The Bottom Line
- Stars Jim Jefferies, Dan Bakkedahl, DJ Qualls
- Created by Jim Jefferies and Peter O’Fallon
- Airs Thursdays at 10:30 p.m. EST starting January 17, 2013, on FX
At first, Legit seems like it might be another tiresome showbiz comedy, as Jefferies’ character is a struggling comedian living in Los Angeles and hoping to make it big (in real life Jefferies is an internationally successful comedian). But the show’s first three episodes have virtually nothing to do with Jim’s career, and unlike Louie (in which Louis C.K. similarly plays a less successful version of himself), Legit doesn’t feature any stand-up comedy at all. Instead it’s really about the relationship among Jim, his best friend and roommate Steve (comedian and former The Daily Show correspondent Dan Bakkedahl) and Steve’s disabled brother Billy (DJ Qualls), who suffers from muscular dystrophy and holds up the uncouth Jim as his personal idol.
In the first episode, Jim and Steve take Billy from the assisted-living facility where he’s been staying to a brothel outside Las Vegas and get him laid for the first time. It’s a surprisingly sweet yet never cloying portrait of the struggles of people with disabilities (Billy is essentially paralyzed below the neck and confined to a wheelchair), like a raunchier version of recent indie movie The Sessions.
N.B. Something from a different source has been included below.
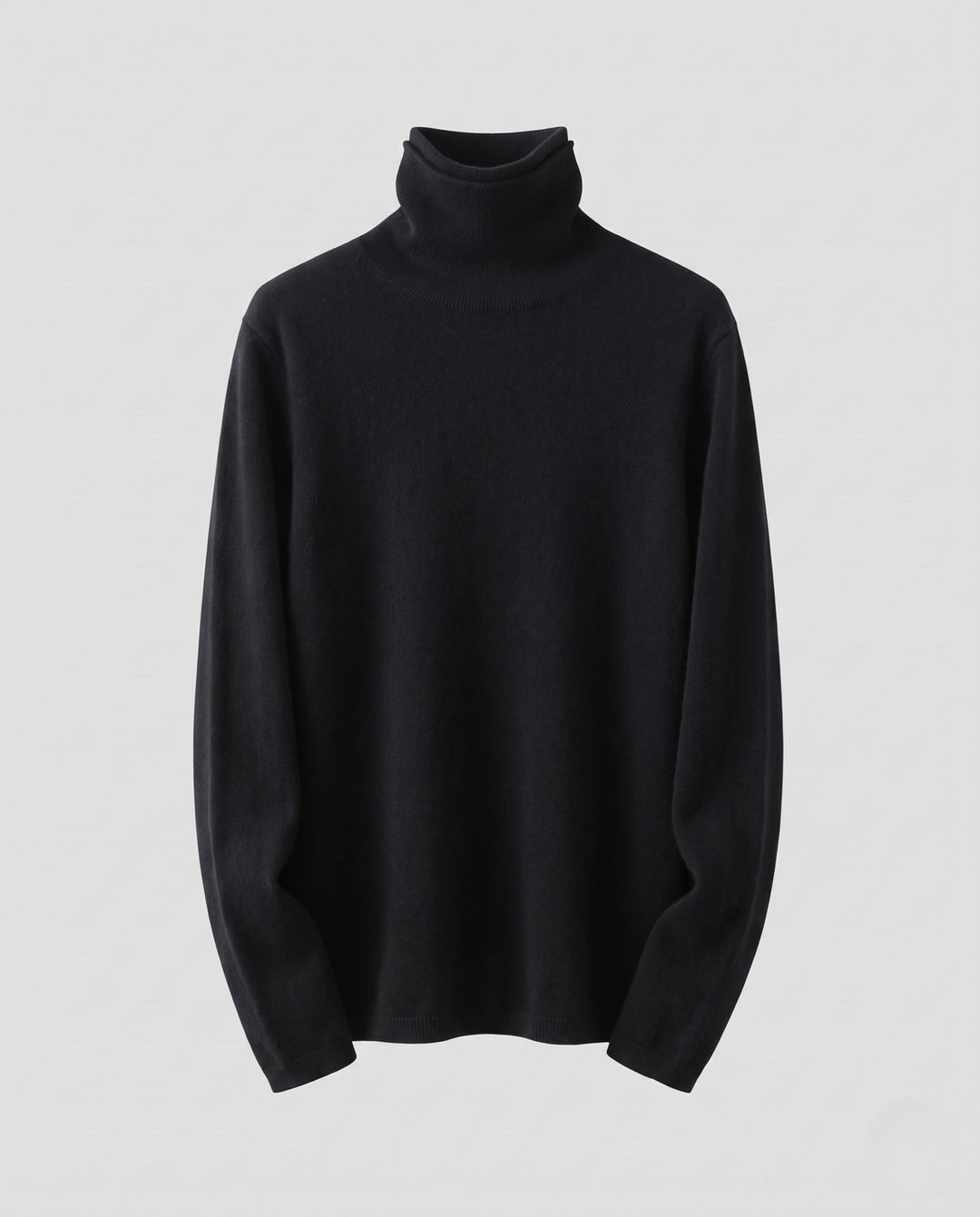 Product 16034468790602 - product_only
Jim is often inconsiderate and irresponsible, but his intentions toward Billy are honorable, and the show does a good job of mixing Jefferies’ envelope-pushing jokes (some of which sound a little too much like they were lifted right from his stand-up act) with a layered, sensitive story about not treating disabled people like helpless children.
The problem is that the next two episodes basically repeat that same formula, only less successfully. In the second episode, Jim and Steve break Billy out of the care facility in the middle of the night and end up taking him on as a permanent roommate, and both the second and third episodes involve Jim’s efforts to get Billy laid. The relationship between Jim and Billy is unique for TV, but it’s also a little limiting, and the show feels too insular and repetitive by the end of the third episode. The balance between gross-out humor and genuine emotion is also a tough one to maintain, and the sentiment, while refreshing, is sometimes overdone.
Still, Legit is a different kind of show for FX (despite its resemblances to Wilfred and Louie), and there are enough funny lines and tender moments to make it worth keeping an eye on. The three leads are all appealing (Qualls gives an impressive performance in a difficult role), and the premise could easily open up with the addition of a few more supporting characters or new locations. Even more than dramas, comedies often take a while to find their footing, and Legit has the potential to go somewhere unique.